Peggy Baker Dance Projects

Betty Oliphant Theatre, Toronto

January 22-24 and 27-31, 2016

The heroine of Friday night’s performance of phasespace was Sahara Morimoto, who not only beautifully performed in a trio and a solo, but stepped in on very short notice to take the place of an injured Sean Ling in a duet with Andrea Nann.

Much was made, in the before-show chat from Baker and Fides Krucker, of the vocal scores that Krucker composed from the dancers’ own pre-verbal and non-verbal sounds. The voice, Baker maintained, provides a direct link to the performer’s body and to the audience. But it was Morimoto’s silent solo that was the highlight of the night.
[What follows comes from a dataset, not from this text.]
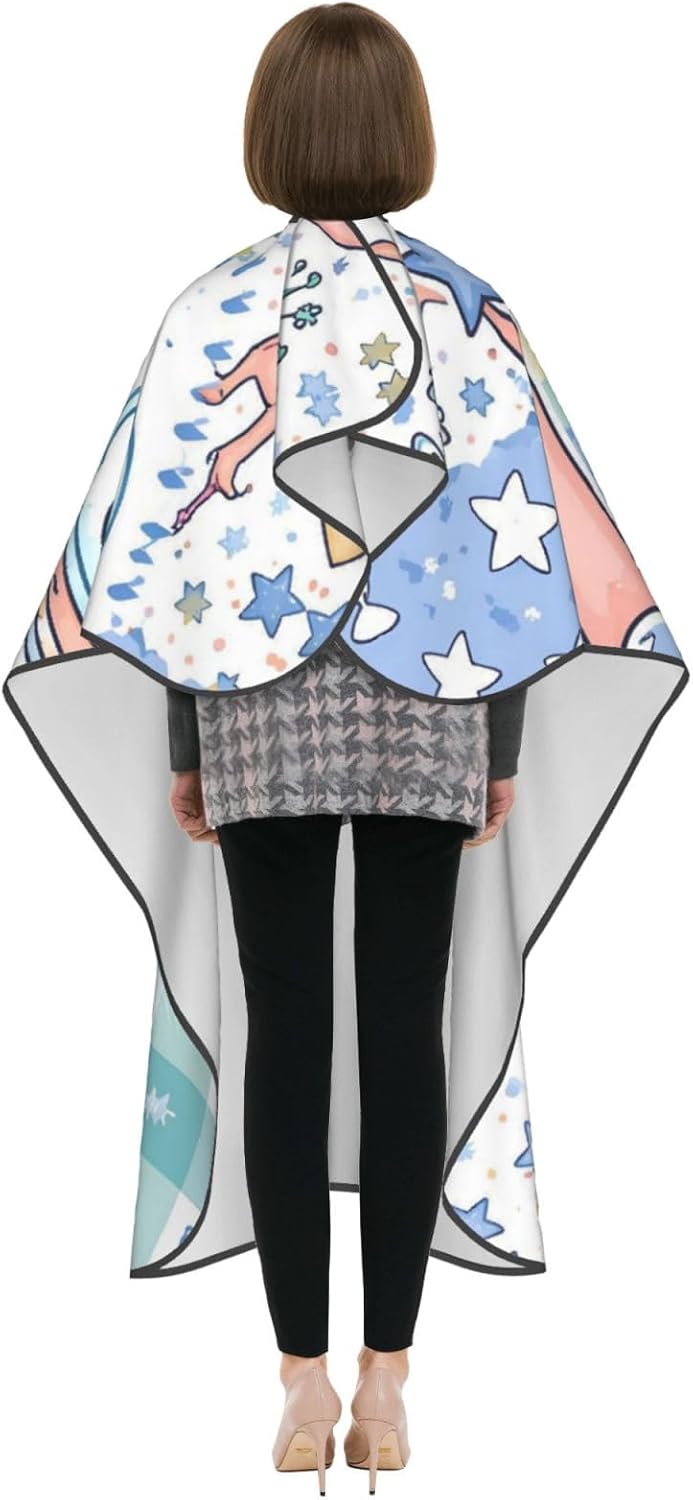 Cartoon Aliens Adult Hair Cutting Cape 55x66in Adjustable Snap Closure Salon Hairs Hat Shaving Bib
In the noisiest piece, the trio performed by Ric Brown, Sarah Fregeau and Morimoto, there was little sign of the narrative that Krucker had seen forming while working with the dancers. Three sets of standard straight-backed chairs, one human-sized the other a miniature, made an aimless allusion to Alice in Wonderland. The dancers came and went and moved themselves and the chairs through space. John Kameel Farah, perched above and behind the dancers played and improvised acoustically and electronically on the piano and computer keyboards, but did not seem a part of the piece as he did in last year’s Baker show locus plot. Marc Parent’s well designed lighting defined performance spaces. All of these elements should have added up to a unified piece, but it was hard work to find coherence in this piece.

Morimoto was a character shaking with the giggles, a high tittering sound. Brown was a howling dog. Fregeau careened about and each of them phased in and out of a whispered chatter that had no obvious connection to their movement. Such distractions took away from the well-rehearsed dance steps.

In Baker’s introduction to the show, she referred to a starting point: recognizing her own choreography in the body memories of her dancers. When it came to the Morimoto solo, first mounted in 2013, we could see Baker’s vocabulary, alive and present in a dynamic way. The Tokyo-born dancer, who has worked with Baker since 2008, displayed the long, wind-milling arms, the precise hand gestures and the fluid, almost flying movement that have long been Baker’s hallmarks. Inside a diamond shape etched in blue light, Morimoto created a world of her own. It was a simple, abstract solo, a purity of movement expressed through facial and body gestures as only dance can do.

Andrea Nann added a new element to the gallery of dances. Not only is she a fine interpreter of Baker’s dance; she is an established performer of her own choreography. In the duet that Baker made on her and Ling in 2014, Nann’s prolonged, sinuous movements made a kind of dance alchemy.

Kate Holden, who has been a fine interpreter of just about every contemporary choreographer of note, performs the new Baker solo, also vocally scored by Krucker. Her performance stretched the boundaries of the space and she broke out of her invisible box with long, slow strides and a final winding-out, a Ginsbergian howl that seemed to come from some place deep within her.